WARNING:absl:inputs do not match those expected by the model: input_names=['examples'], found in extracts={}
Out[21]:
ExecutionResult at 0x7f57bbc05f60
.execution_id9
.component
.component.inputs
['examples']
['model']
['baseline_model']
.component.outputs
['evaluation']
['blessing']

In [22]:
# Check the blessing
!ls {evaluator.outputs['blessing'].get()[0].uri}


BLESSED

Model Export for Serving


In [23]:
!mkdir /content/serving_model_dir

serving_model_dir = "/content/serving_model_dir"

pusher = Pusher(
    model=trainer.outputs['model'],
    model_blessing=evaluator.outputs['blessing'],
    push_destination=pusher_pb2.PushDestination(
        filesystem=pusher_pb2.PushDestination.Filesystem(
            base_directory=serving_model_dir)))

context.run(pusher)


Out[23]:
ExecutionResult at 0x7f57bbb15828
.execution_id10
.component
.component.inputs
['model']
['model_blessing']
.component.outputs
['pushed_model']

Test your Exported Model


In [24]:
def _bytes_feature(value):
    return tf.train.Feature(bytes_list=tf.train.BytesList(value=[value]))

push_uri = pusher.outputs.model_push.get()[0].uri
latest_version = max(os.listdir(push_uri))
latest_version_path = os.path.join(push_uri, latest_version)
loaded_model = tf.saved_model.load(latest_version_path)

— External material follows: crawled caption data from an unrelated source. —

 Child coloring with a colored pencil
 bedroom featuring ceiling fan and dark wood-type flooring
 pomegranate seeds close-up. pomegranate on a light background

example_str = b"This is the finest show ever produced for TV. Each episode is a triumph. The casting, the writing, the timing are all second to none. This cast performs miracles."
example = tf.train.Example(features=tf.train.Features(feature={
    'text': _bytes_feature(example_str)}))

serialized_example = example.SerializeToString()
f = loaded_model.signatures["serving_default"]
print(f(tf.constant([serialized_example])))


{'outputs': <tf.Tensor: shape=(1, 1), dtype=float32, numpy=array([[0.7497024]], dtype=float32)>}

Upload the Exported Model to GDrive


In [32]:
from google.colab import drive
drive.mount('/content/drive')

!mkdir /content/drive/My\ Drive/exported_model
!cp -r {pusher.outputs.model_push.get()[0].uri} /content/drive/My\ Drive/exported_model/

drive.flush_and_unmount()
print('Exported model has been uploaded to your Google Drive.')


Drive already mounted at /content/drive; to attempt to forcibly remount, call drive.mount("/content/drive", force_remount=True).
mkdir: cannot create directory ‘/content/drive/My Drive/exported_model’: File exists
Exported model has been uploaded to your Google Drive.